**Work order**
Output only the stretch of the listing that starts at the line containing "Casa à venda" and ends at the line containing "Beide sender intervenierten", reproduced exactly with both ends.

**Data provided**

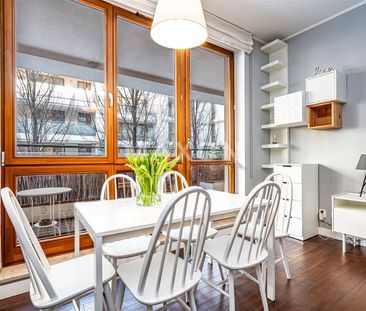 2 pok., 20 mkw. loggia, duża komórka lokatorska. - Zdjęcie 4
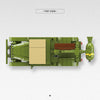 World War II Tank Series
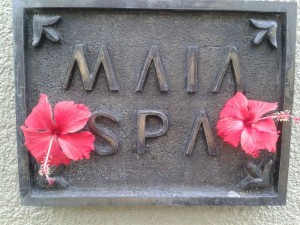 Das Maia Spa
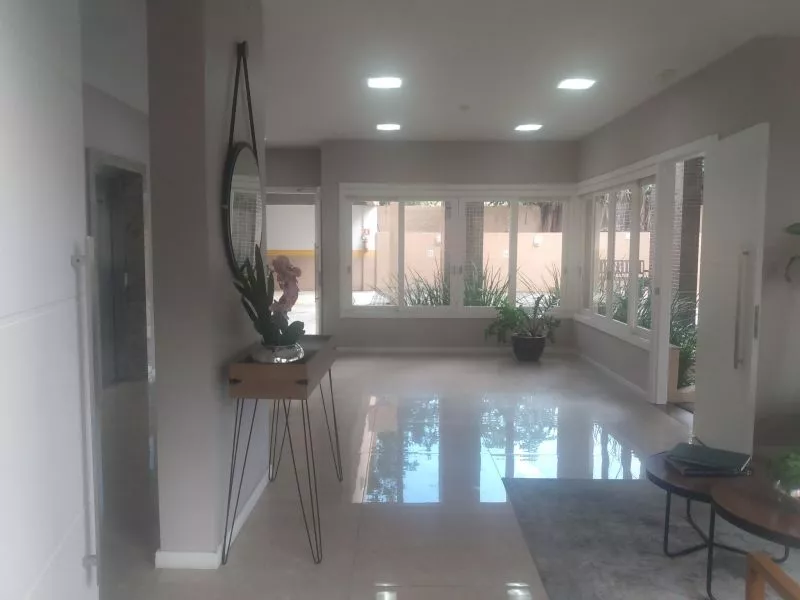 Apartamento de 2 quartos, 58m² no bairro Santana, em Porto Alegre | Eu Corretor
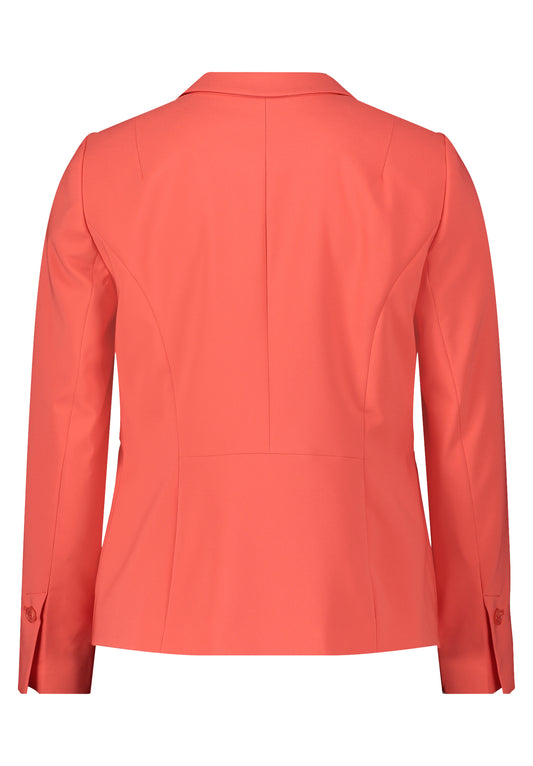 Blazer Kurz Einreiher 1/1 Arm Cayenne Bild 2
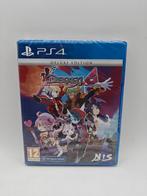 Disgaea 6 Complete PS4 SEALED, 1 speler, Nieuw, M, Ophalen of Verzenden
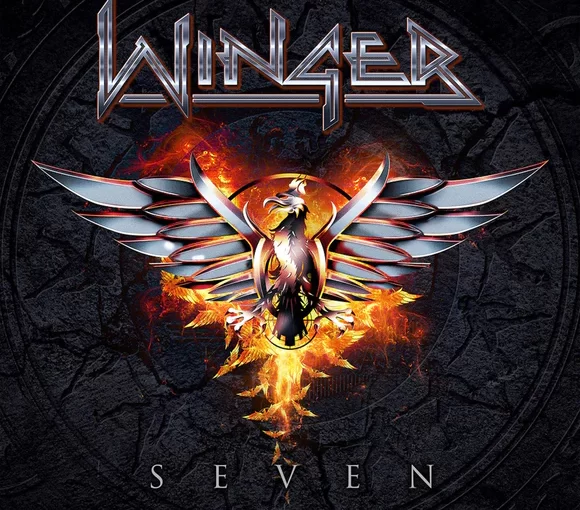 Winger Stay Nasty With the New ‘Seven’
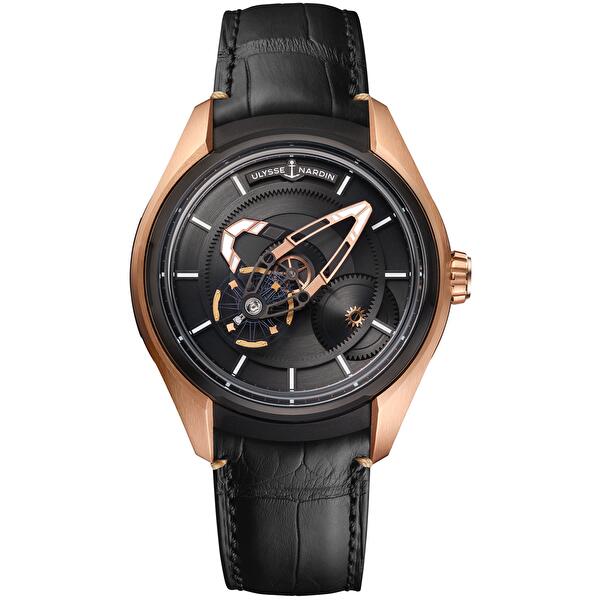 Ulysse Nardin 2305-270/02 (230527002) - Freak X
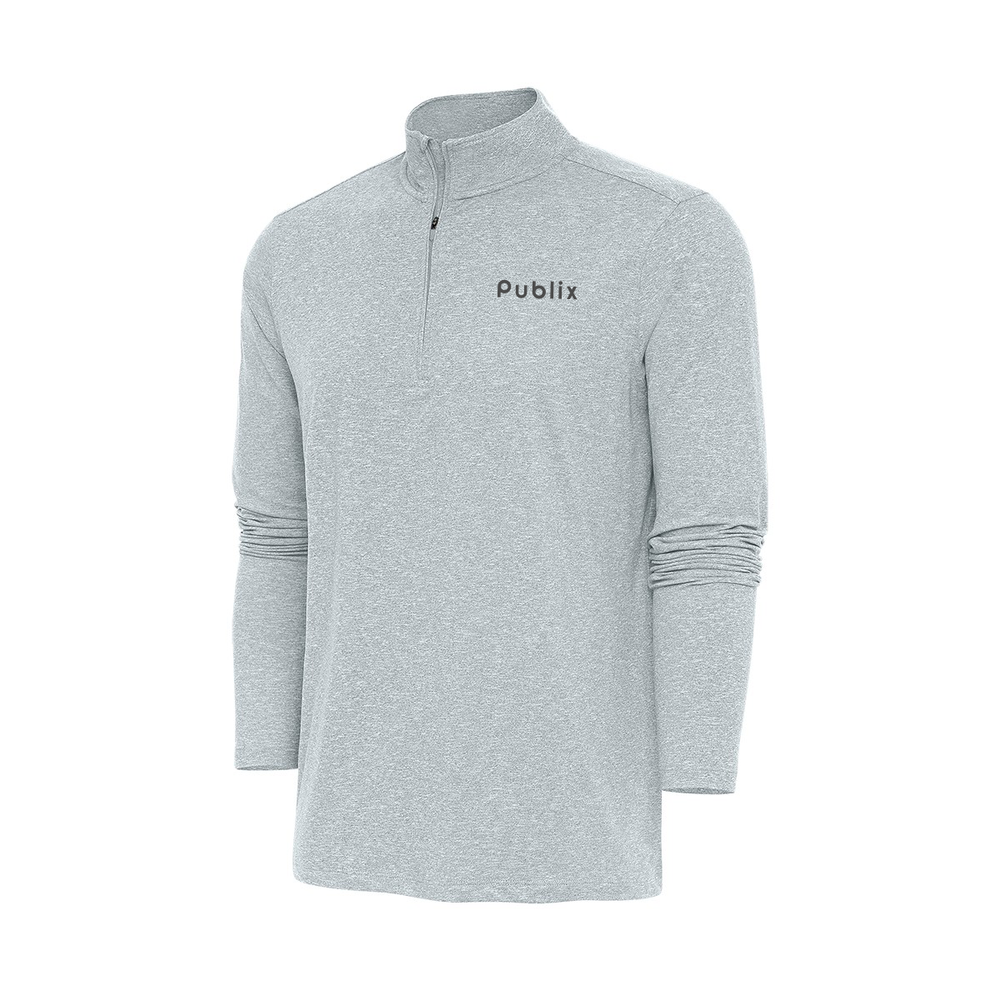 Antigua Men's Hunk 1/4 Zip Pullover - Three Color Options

--

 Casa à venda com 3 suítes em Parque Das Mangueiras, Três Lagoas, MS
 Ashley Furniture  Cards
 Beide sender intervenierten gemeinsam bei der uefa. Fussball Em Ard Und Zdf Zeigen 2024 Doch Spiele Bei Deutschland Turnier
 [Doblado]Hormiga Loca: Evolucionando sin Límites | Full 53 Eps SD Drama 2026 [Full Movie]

**Written solution**
 Casa à venda com 3 suítes em Parque Das Mangueiras, Três Lagoas, MS
 Ashley Furniture  Cards
 Beide sender intervenierten gemeinsam bei der uefa. Fussball Em Ard Und Zdf Zeigen 2024 Doch Spiele Bei Deutschland Turnier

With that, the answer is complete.